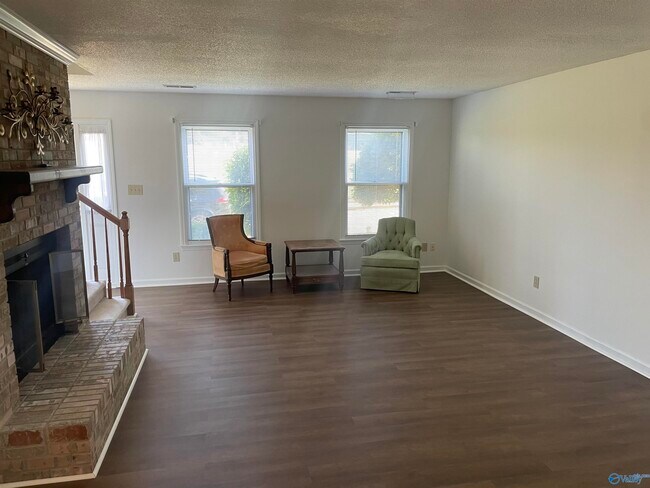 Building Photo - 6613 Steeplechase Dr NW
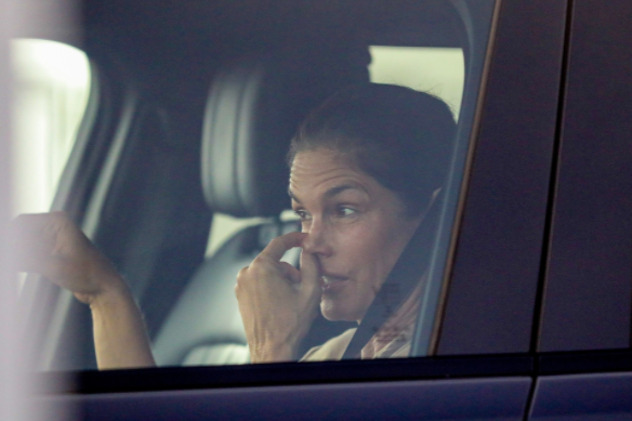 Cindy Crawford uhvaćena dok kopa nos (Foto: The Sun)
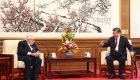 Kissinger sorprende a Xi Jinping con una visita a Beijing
== == ==
*Task statement:* Exactly as written, restate the listing above with its pictures omitted.

*Final answer:*
 Building Photo - 6613 Steeplechase Dr NW
 Cindy Crawford uhvaćena dok kopa nos (Foto: The Sun)
 Kissinger sorprende a Xi Jinping con una visita a Beijing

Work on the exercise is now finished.